Satellite radar scans of the 7.8-magnitude Nov. 14, 2016, earthquake in New Zealand are changing the way scientists think about earthquake hazards in regions where Earth’s tectonic plates meet. The quake struck near the town of Kaikoura and was one of the most comprehensively recorded earthquakes in history.

Scientists from New Zealand, the United Kingdom and the United States studied radar images from the European Space Agency (ESA) Copernicus Sentinel-1 and Japanese ALOS-2 missions to measure the extent of the land movement. They found that the quake caused the ground to rise by 8-10 meters and offset features such as roads that crossed the fault by up to 12 meters. This caused large landslides and triggered a tsunami.

Satellite radar scans from before and after the quake showed that the ground-based seismic readings, which are based on shockwaves rippling through Earth, were not giving accurate assessments of where the ruptures were occurring. Although seismic readings are the fastest way to gather information on earthquakes, they’re unable to show details of complex quakes such as Kaikoura.

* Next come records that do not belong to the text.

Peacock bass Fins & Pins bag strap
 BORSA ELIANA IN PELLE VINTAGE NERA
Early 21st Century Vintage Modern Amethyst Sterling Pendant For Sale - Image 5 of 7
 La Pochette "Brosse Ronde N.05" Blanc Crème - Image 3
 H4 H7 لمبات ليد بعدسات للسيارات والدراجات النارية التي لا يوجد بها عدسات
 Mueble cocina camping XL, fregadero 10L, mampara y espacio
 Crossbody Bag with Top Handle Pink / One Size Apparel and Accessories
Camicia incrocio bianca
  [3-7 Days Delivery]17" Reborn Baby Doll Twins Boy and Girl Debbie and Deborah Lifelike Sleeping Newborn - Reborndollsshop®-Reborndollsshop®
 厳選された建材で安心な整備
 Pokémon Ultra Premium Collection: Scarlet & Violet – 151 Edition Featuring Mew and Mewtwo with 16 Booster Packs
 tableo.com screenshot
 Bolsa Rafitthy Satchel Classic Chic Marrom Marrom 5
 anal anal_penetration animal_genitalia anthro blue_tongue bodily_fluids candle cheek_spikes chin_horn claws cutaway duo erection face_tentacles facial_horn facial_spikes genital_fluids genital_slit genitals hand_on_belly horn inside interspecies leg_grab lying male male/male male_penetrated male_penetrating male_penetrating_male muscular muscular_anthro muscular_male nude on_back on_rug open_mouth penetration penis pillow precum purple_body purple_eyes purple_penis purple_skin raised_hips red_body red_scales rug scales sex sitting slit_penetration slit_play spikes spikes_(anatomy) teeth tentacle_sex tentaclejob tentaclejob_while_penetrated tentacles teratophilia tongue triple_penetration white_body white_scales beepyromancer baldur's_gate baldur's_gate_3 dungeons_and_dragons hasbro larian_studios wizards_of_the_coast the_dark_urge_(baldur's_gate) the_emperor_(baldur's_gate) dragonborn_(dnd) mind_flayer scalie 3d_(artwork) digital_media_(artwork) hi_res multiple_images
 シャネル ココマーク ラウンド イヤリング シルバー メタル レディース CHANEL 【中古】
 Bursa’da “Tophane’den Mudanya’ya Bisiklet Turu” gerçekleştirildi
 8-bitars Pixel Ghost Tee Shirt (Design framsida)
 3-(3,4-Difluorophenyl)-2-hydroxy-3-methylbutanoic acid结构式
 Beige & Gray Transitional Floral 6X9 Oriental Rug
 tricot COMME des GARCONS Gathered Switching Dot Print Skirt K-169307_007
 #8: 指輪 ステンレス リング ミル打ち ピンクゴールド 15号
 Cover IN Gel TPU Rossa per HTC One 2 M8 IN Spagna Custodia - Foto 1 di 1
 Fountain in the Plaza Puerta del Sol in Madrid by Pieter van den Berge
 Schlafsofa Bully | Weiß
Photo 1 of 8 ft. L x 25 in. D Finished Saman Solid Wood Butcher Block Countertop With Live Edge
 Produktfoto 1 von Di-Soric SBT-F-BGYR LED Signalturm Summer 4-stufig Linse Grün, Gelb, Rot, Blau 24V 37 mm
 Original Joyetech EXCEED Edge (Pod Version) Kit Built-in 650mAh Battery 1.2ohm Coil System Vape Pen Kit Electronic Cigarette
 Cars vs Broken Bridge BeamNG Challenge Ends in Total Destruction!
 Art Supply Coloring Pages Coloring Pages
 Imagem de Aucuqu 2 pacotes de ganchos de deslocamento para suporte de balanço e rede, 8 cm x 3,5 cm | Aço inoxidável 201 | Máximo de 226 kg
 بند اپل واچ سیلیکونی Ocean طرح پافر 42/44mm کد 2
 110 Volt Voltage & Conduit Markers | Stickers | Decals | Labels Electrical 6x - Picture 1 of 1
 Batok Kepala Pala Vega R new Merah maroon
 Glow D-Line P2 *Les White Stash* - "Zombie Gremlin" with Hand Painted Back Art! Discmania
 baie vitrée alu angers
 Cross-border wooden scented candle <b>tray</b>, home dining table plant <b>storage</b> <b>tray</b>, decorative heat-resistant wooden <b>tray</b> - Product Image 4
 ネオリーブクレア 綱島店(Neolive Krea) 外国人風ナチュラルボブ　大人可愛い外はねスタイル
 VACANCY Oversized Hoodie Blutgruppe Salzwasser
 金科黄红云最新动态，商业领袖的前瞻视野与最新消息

But radar satellites can detect millimeter-sized ground movements across wide areas, providing a detailed picture of land deformation and the locations of fault lines. In the case of Kaikoura, it showed that ruptures took place across many separate faults. The complexity and large amount of uplift point toward how mountains in regions such as New Zealand could build rapidly.

“We’ve never seen anything like the Kaikoura quake before—it was one of the most complex ever recorded,” said Professor Tim Wright, study co-author and director of the Centre for the Observation and Modelling of Earthquakes, Volcanoes and Tectonics at the University of Leeds. “An earthquake commonly ruptures across a single fault line or faults that are closely grouped, but Kaikoura ruptured at least 12 major crustal faults across two distinct active fault domains. This challenges many assumptions about how individual faults control earthquake ruptures.”